**EXERCISE MATERIAL**
*-*-*

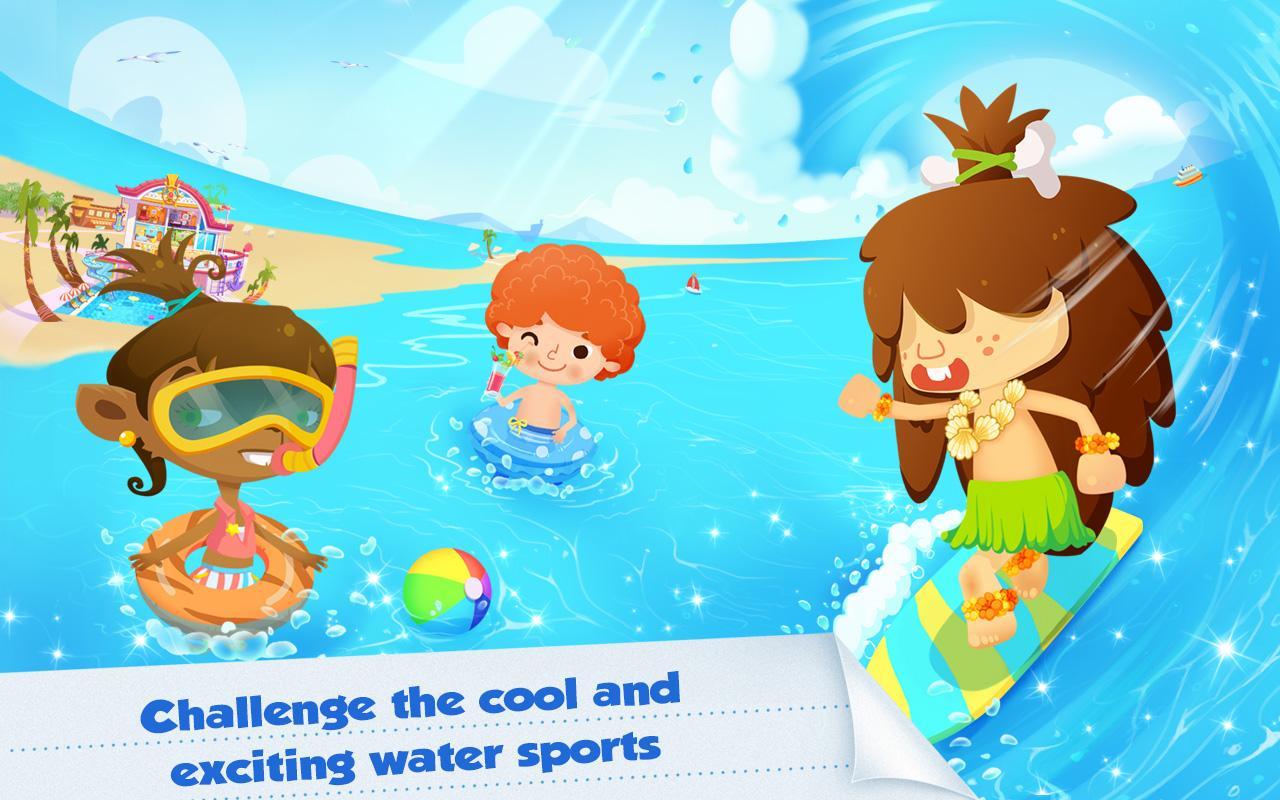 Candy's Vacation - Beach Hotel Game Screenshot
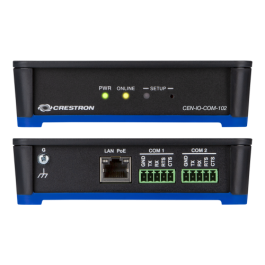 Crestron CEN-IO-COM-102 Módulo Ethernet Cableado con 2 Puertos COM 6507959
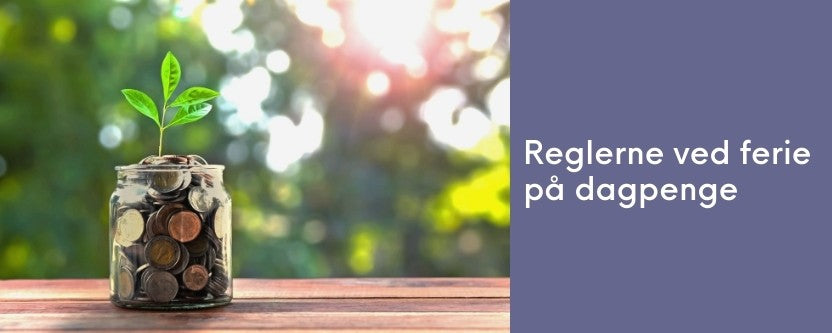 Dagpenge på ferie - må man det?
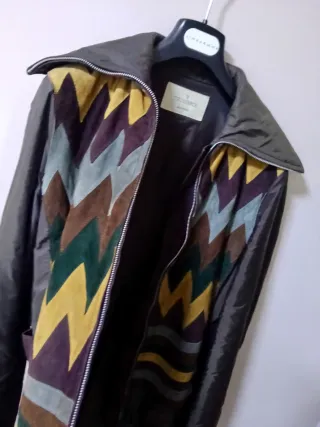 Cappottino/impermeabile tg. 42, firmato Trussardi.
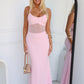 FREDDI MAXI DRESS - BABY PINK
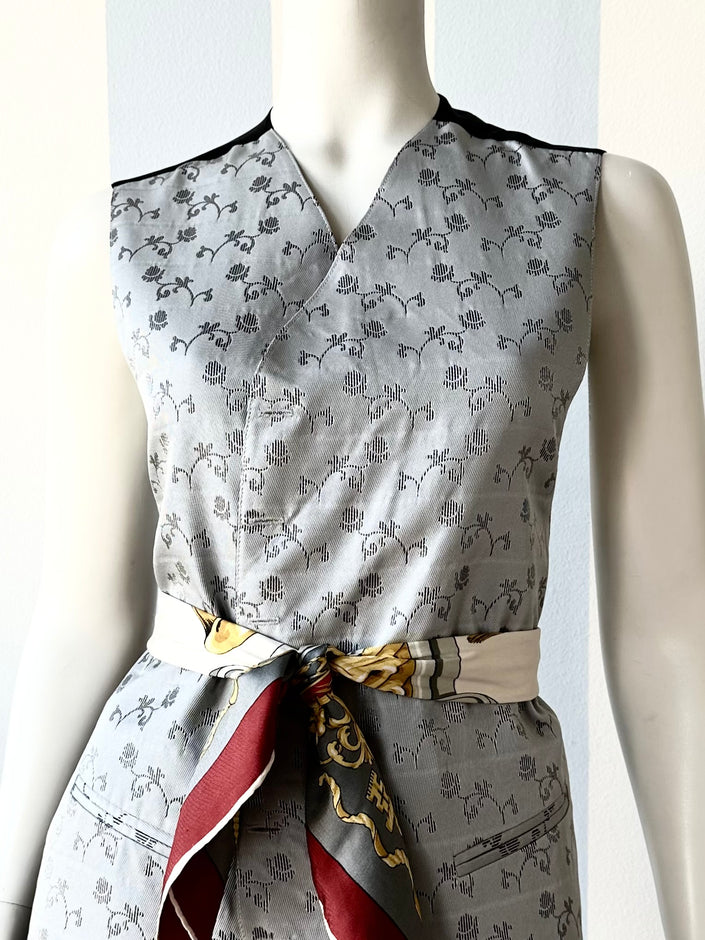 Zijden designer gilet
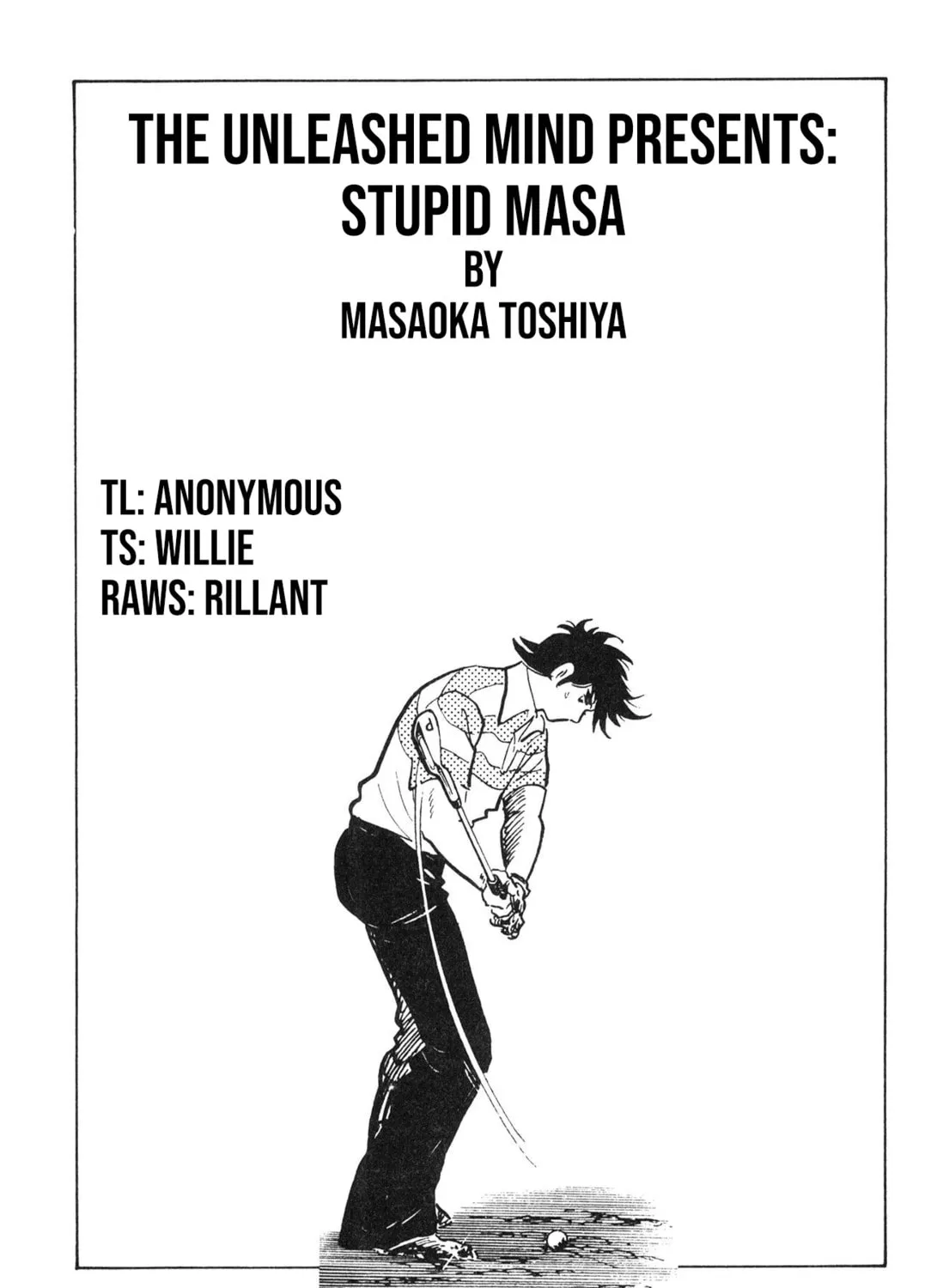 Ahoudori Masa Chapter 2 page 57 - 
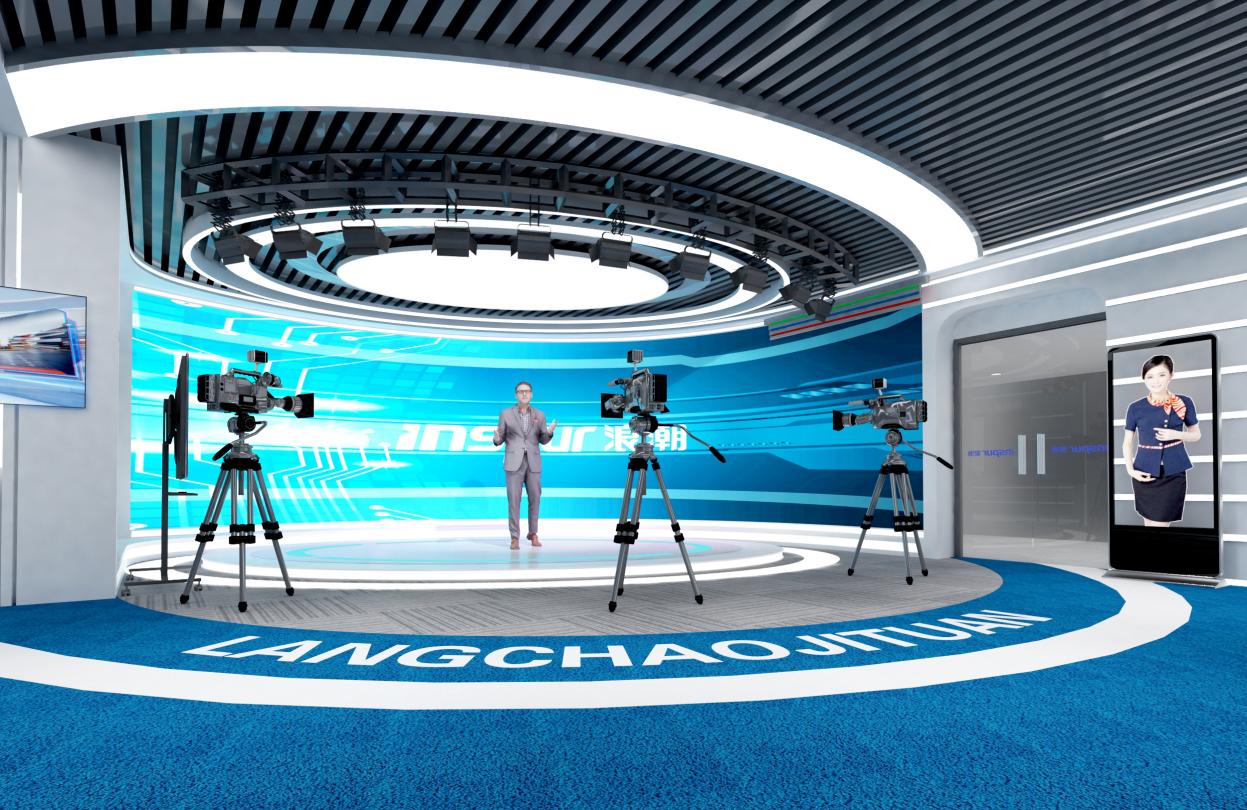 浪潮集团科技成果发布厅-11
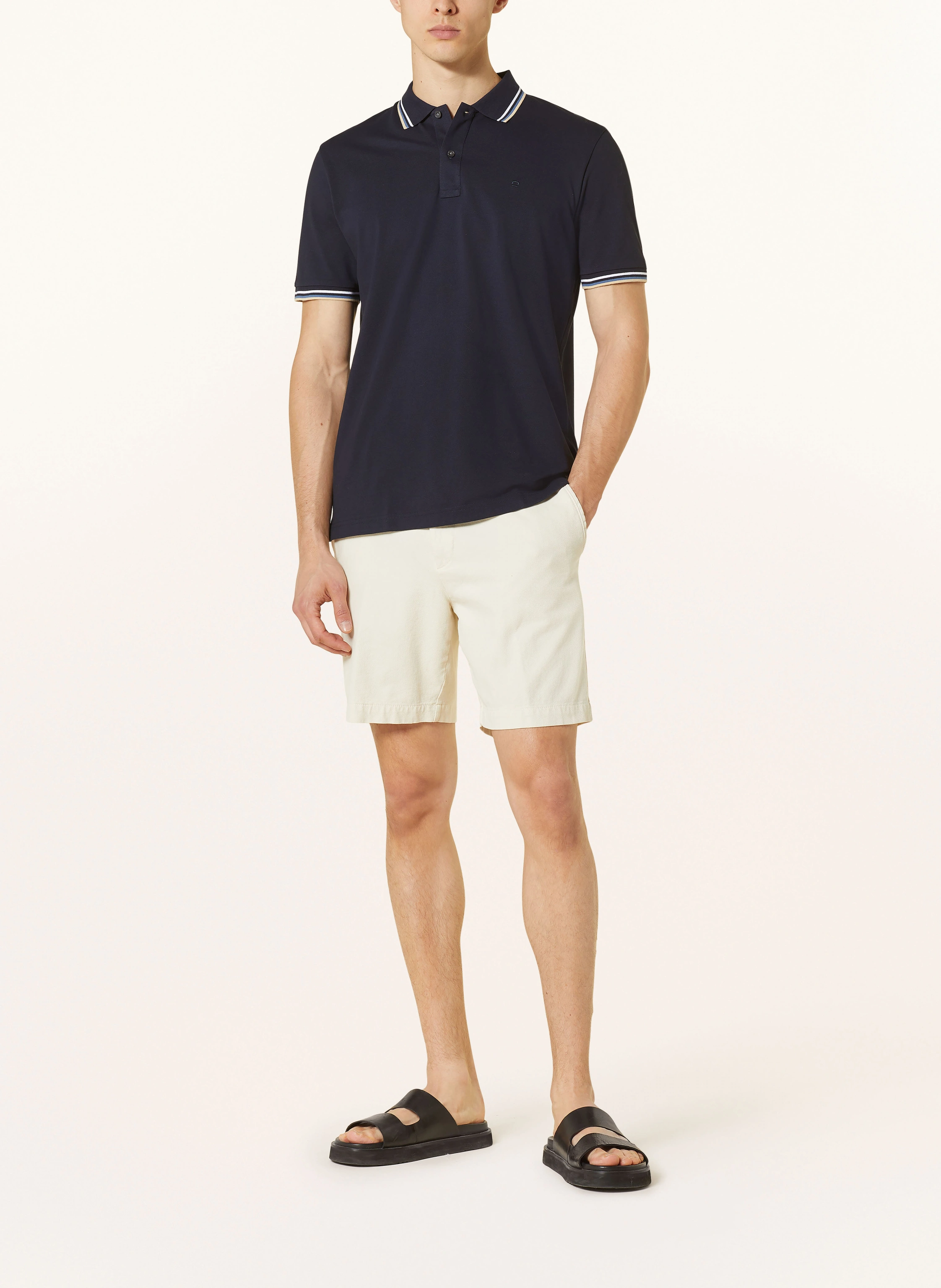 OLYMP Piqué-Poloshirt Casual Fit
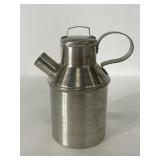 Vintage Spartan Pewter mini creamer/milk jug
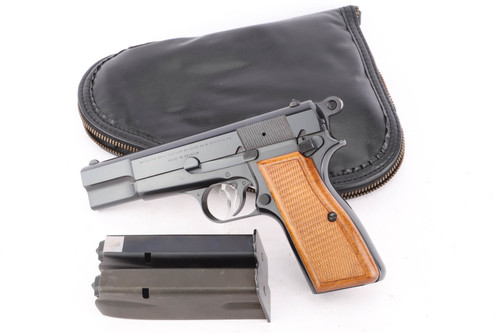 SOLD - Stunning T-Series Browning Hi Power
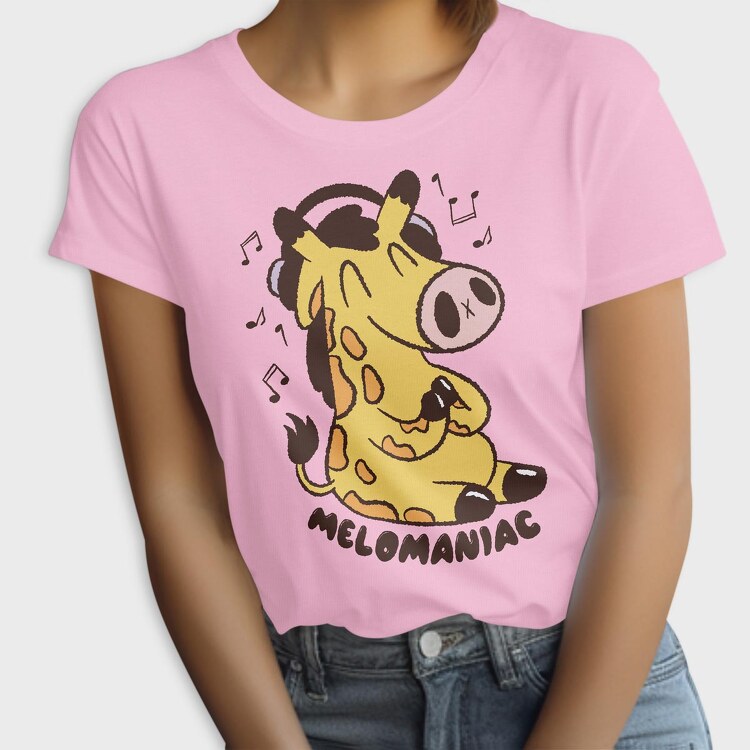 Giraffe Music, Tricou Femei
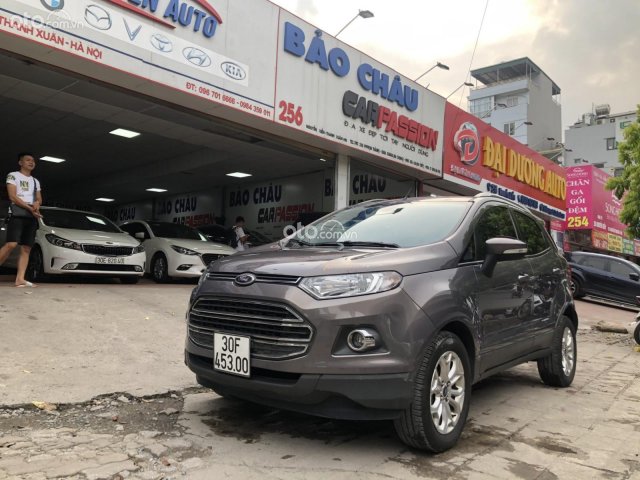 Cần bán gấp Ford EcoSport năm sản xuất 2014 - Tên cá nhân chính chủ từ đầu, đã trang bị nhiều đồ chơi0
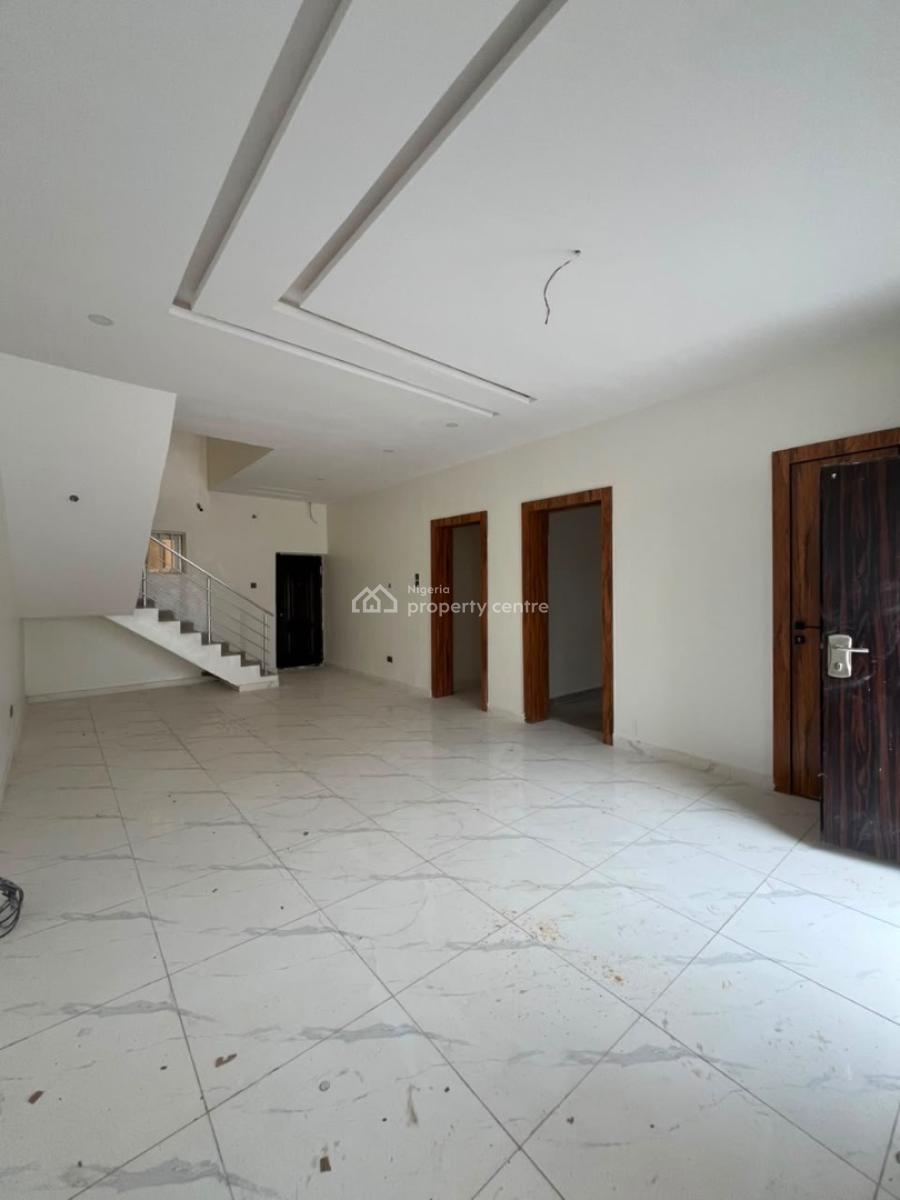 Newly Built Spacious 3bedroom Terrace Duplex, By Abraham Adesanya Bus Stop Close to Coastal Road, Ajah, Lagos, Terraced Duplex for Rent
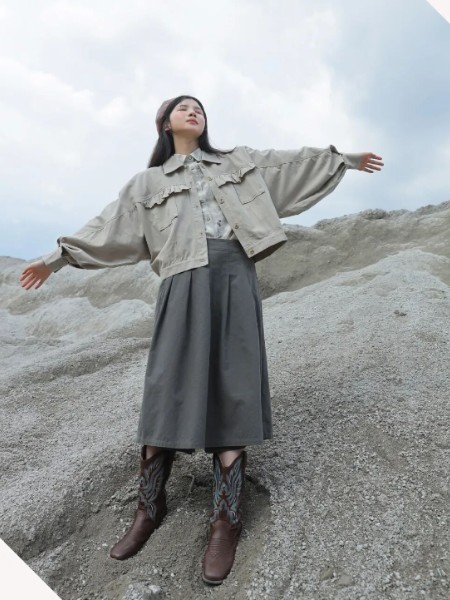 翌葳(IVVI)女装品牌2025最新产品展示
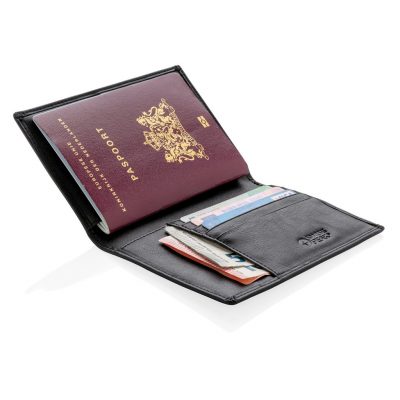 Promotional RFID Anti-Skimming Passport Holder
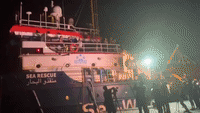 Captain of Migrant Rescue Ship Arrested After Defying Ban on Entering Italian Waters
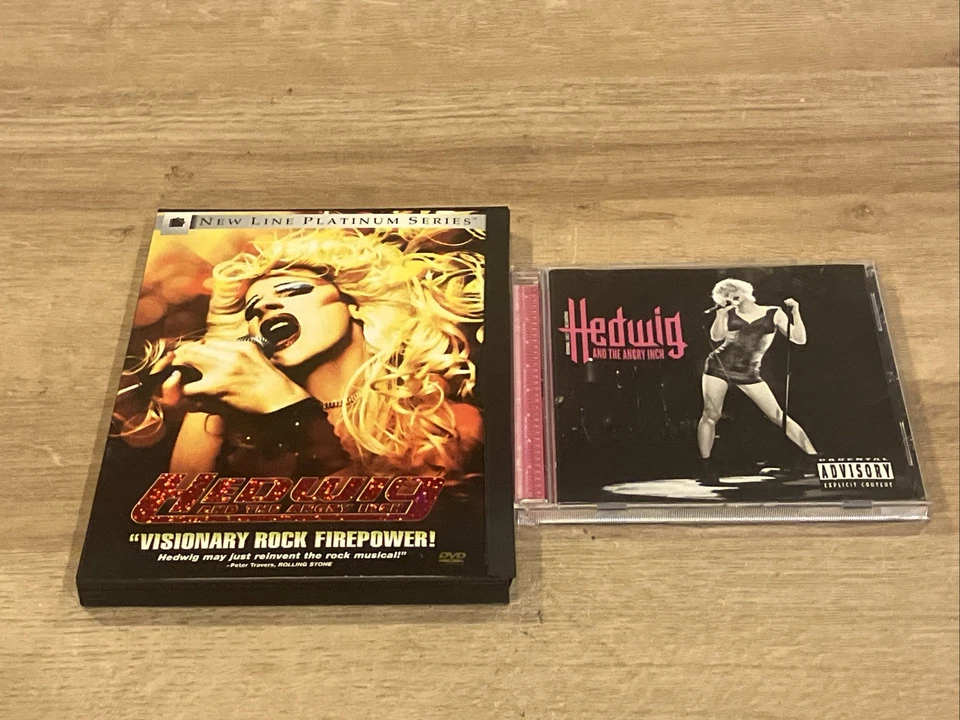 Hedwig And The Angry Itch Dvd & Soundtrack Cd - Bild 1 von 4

*-*-*

**AIM OF THE EXERCISE**
Copy out the lines above from the line containing "Dagpenge på ferie - må man det?" through the line containing "Cần bán gấp", exactly, and keep the pictures out.

**YOUR RESPONSE**
 Dagpenge på ferie - må man det?
 Cappottino/impermeabile tg. 42, firmato Trussardi.
 FREDDI MAXI DRESS - BABY PINK
 Zijden designer gilet
 Ahoudori Masa Chapter 2 page 57 - 
 浪潮集团科技成果发布厅-11
 OLYMP Piqué-Poloshirt Casual Fit
 Vintage Spartan Pewter mini creamer/milk jug
 SOLD - Stunning T-Series Browning Hi Power
 Giraffe Music, Tricou Femei
 Cần bán gấp Ford EcoSport năm sản xuất 2014 - Tên cá nhân chính chủ từ đầu, đã trang bị nhiều đồ chơi0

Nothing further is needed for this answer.